Input: arr = [4,3,1,1,3,3,2], k = 3
Output: 2
Explanation:
- Since k = 3 we will remove exactly three elements from the input array such that a number of unique elements will be minimized.
- We can easily observe that removing [4,2,1] will give exactly 2 distinct elements which is the minimum answer possible.
Approach
Idea:
- The main idea to solve this problem efficiently is to use (Greedy Approach).
- Store all the unique elements frequencies of the given array in the frequency table.
- Since we have to minimize the number of distinct elements after removing k elements so, we’ll start from those elements which have a minimum frequency in the given array.
- Hence, we need to sort the unique elements and their frequencies in non-decreasing order of their frequencies.
- Start with the elements which have minimum frequency and decrease the value of K with the minimum frequency and discard the current element. Repeat the same step till k is positive.
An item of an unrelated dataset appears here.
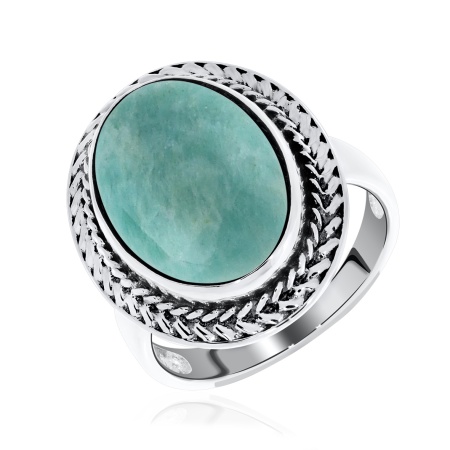 Купить оптом кольцо из серебра с амазонитом 1310370966 от Krasnoe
- A number of distinct elements that are left after the above operations are done repeatedly till k is positive, is our answer.
Code
C++ Least Number of Unique Integers after K removals String Leetcode Solution:
class Solution {
public:
int findLeastNumOfUniqueInts(vector<int>& arr, int k) {
unordered_map<int,int> freq;
for(auto& num:arr){
freq[num]++;
}
vector<pair<int,int>> store;
for(auto& x:freq){
store.push_back({x.second,x.first});
}
sort(store.rbegin(),store.rend());
while(k>0){
int required = min(k,store.back().first);
k-=required;
store.back().first-=required;
if(!store.back().first){
store.pop_back();
}
}
return store.size();
}
};
Java Least Number of Unique Integers after K removals Leetcode Solution:
class Solution {
public int findLeastNumOfUniqueInts(int[] arr, int k) {
Map<Integer, Integer> freq = new HashMap<>();
for (int a : arr){
freq.put(a, 1 + freq.getOrDefault(a, 0));
}
int len = freq.size();
TreeMap<Integer, Integer> occ = new TreeMap<>();
for (int v : freq.values()){
occ.put(v, 1 + occ.getOrDefault(v, 0));
}
while(k>0){
Map.Entry<Integer,Integer> entry = occ.pollFirstEntry();
if(k-entry.getKey()*entry.getValue()>=0){
k -= entry.getKey()*entry.getValue();
len -= entry.getValue();
}
else{
return len - k / entry.getKey();
}
}
return len;
}
}Complexity Analysis for Least Number of Unique Integers after K removals Leetcode Solution
Time Complexity
The time complexity of the above code is O(N + MlogM + K) where N = length of the input array and M = number of unique elements.
Space Complexity
The space complexity of the above code is O(M), where M = number of unique elements in the input array.